**Your goal:**
Output range, inclusive: from the line containing "Duodenal Switch Duodenal Switch" to the line containing "a dentist drilling". Restate those lines from the data below word for word and only those.

::: Data excerpts :::

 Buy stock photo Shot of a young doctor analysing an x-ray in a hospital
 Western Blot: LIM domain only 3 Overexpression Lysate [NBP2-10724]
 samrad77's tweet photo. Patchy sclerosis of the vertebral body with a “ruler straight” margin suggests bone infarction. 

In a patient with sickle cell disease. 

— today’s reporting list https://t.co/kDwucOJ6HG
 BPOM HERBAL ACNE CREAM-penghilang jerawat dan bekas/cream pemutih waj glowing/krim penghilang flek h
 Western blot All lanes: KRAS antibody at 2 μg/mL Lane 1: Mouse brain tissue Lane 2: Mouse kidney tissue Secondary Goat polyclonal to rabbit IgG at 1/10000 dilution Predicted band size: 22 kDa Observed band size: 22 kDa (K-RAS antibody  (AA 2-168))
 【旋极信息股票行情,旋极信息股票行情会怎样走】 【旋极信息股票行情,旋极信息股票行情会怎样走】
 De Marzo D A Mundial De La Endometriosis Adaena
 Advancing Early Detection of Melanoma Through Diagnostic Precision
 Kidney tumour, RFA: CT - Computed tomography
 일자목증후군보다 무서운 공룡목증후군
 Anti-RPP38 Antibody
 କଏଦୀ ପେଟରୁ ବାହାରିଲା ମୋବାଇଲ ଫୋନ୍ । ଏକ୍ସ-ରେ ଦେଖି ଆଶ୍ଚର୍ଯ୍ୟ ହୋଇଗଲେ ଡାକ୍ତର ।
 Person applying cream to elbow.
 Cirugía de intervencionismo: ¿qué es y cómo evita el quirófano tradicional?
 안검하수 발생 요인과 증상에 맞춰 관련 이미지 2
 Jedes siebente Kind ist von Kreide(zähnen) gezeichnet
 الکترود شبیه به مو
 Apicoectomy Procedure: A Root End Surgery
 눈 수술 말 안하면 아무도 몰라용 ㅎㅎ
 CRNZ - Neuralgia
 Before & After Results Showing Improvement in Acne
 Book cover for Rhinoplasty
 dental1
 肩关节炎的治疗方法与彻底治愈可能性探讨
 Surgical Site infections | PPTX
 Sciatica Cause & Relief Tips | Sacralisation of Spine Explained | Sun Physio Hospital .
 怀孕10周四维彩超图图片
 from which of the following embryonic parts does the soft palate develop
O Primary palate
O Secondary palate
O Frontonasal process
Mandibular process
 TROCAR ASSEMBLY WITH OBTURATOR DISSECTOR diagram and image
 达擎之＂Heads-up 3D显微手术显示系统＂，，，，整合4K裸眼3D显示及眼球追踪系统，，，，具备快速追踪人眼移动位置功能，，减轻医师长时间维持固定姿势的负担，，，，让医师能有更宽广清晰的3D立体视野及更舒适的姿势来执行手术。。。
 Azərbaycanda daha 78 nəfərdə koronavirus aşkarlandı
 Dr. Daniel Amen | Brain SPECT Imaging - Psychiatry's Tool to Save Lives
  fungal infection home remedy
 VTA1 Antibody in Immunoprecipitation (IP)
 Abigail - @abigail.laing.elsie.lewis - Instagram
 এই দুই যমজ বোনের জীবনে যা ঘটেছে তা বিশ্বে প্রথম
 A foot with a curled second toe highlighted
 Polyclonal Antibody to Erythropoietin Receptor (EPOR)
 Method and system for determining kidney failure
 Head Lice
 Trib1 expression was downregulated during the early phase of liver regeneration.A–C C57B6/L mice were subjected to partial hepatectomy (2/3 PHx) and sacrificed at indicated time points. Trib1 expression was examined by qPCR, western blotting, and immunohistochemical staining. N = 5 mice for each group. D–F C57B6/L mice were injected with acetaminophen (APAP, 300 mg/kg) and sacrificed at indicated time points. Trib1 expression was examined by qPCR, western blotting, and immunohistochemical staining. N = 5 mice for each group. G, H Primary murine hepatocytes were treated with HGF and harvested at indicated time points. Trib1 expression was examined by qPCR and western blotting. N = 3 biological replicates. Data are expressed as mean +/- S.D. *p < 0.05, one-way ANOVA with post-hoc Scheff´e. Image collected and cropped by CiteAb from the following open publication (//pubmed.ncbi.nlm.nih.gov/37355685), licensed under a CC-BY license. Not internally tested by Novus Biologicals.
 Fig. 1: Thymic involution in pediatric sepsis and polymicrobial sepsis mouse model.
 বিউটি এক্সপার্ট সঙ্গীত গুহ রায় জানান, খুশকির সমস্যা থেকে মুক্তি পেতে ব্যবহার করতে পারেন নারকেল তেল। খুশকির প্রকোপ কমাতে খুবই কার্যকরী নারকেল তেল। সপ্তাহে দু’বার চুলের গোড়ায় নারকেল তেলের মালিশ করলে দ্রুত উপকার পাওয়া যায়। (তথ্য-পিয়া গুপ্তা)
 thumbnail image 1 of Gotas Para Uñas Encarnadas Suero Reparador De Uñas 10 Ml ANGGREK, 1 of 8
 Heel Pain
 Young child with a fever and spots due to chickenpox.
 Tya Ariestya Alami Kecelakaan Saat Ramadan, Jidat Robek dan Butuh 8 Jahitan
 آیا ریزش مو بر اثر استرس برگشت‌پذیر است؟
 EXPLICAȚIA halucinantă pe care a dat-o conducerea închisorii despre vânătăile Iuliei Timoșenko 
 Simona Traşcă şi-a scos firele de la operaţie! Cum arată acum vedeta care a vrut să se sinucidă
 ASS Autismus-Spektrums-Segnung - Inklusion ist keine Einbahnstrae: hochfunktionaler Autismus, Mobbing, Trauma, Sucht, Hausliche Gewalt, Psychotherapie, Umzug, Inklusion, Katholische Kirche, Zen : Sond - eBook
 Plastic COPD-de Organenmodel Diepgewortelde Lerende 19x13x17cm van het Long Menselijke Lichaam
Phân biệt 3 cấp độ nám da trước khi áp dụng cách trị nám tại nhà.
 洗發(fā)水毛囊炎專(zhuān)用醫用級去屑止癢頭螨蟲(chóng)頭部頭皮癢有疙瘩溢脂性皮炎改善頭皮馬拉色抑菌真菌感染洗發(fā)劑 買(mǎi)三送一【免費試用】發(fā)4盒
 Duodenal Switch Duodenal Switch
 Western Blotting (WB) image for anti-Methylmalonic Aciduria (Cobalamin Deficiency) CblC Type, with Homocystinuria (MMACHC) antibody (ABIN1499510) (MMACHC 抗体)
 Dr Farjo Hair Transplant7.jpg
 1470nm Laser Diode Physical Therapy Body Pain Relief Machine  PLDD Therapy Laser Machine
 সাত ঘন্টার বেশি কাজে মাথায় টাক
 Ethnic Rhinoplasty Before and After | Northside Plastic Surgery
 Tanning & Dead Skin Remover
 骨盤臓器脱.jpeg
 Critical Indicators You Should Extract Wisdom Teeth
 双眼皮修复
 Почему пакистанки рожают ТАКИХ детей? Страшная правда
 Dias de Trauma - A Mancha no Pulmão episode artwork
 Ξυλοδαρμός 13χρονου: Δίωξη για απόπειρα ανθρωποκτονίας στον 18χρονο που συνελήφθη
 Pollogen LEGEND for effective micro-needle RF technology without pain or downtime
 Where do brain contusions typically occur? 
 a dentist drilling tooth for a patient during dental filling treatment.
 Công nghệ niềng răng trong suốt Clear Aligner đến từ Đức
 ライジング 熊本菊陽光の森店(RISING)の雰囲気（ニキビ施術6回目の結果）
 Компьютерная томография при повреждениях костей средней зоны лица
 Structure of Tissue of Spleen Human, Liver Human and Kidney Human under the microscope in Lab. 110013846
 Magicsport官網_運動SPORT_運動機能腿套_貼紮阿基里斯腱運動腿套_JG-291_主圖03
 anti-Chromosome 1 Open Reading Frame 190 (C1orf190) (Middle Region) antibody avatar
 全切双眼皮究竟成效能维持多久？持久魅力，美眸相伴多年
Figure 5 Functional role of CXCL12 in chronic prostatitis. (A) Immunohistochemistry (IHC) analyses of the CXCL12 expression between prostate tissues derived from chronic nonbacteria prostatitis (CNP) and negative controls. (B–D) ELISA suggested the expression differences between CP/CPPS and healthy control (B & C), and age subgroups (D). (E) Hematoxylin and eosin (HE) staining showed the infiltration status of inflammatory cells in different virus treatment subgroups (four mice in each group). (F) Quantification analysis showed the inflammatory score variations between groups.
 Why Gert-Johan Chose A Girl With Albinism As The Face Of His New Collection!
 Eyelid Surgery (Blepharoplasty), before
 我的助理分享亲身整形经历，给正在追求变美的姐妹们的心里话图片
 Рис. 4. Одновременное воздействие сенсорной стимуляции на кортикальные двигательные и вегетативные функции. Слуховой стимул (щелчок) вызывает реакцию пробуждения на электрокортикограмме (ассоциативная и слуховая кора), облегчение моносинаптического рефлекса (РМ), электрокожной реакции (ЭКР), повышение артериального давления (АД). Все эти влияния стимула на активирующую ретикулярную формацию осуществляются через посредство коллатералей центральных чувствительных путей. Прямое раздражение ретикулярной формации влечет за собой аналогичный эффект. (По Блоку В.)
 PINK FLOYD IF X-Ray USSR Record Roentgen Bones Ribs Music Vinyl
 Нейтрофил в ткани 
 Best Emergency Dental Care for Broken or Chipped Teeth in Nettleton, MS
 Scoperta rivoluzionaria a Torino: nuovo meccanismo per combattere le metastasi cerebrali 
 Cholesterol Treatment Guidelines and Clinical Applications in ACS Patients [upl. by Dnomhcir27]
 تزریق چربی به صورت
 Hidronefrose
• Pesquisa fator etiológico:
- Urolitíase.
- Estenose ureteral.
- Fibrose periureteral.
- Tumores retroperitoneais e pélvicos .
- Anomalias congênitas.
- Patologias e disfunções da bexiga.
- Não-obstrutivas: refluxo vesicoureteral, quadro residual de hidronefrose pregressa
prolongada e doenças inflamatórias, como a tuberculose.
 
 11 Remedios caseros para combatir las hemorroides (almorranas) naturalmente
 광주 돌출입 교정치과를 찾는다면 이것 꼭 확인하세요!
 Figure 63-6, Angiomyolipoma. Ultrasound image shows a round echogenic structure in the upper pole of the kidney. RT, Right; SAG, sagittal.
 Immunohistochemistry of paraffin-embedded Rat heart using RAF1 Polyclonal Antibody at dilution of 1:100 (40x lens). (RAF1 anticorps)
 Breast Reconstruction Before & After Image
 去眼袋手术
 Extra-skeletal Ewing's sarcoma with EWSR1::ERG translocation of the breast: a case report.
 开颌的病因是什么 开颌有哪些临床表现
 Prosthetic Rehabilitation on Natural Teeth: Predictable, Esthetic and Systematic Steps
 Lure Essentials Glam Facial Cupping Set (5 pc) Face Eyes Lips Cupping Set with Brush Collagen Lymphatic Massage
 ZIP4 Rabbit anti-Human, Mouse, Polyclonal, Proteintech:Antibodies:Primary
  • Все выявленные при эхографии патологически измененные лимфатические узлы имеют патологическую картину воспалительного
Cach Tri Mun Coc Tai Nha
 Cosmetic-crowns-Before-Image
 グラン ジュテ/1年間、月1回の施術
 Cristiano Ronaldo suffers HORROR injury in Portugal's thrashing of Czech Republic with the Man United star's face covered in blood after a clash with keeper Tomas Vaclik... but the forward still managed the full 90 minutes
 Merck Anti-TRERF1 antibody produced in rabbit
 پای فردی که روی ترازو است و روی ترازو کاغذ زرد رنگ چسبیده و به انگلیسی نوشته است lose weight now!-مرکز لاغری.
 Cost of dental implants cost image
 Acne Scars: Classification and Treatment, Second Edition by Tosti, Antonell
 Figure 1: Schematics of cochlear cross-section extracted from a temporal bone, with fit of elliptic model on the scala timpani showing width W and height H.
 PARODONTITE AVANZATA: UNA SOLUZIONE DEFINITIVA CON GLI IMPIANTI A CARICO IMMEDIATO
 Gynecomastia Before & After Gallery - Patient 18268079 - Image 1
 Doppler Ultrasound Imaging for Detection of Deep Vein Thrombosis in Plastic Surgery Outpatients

:::

**Reply:**
 Duodenal Switch Duodenal Switch
 Western Blotting (WB) image for anti-Methylmalonic Aciduria (Cobalamin Deficiency) CblC Type, with Homocystinuria (MMACHC) antibody (ABIN1499510) (MMACHC 抗体)
 Dr Farjo Hair Transplant7.jpg
 1470nm Laser Diode Physical Therapy Body Pain Relief Machine  PLDD Therapy Laser Machine
 সাত ঘন্টার বেশি কাজে মাথায় টাক
 Ethnic Rhinoplasty Before and After | Northside Plastic Surgery
 Tanning & Dead Skin Remover
 骨盤臓器脱.jpeg
 Critical Indicators You Should Extract Wisdom Teeth
 双眼皮修复
 Почему пакистанки рожают ТАКИХ детей? Страшная правда
 Dias de Trauma - A Mancha no Pulmão episode artwork
 Ξυλοδαρμός 13χρονου: Δίωξη για απόπειρα ανθρωποκτονίας στον 18χρονο που συνελήφθη
 Pollogen LEGEND for effective micro-needle RF technology without pain or downtime
 Where do brain contusions typically occur? 
 a dentist drilling tooth for a patient during dental filling treatment.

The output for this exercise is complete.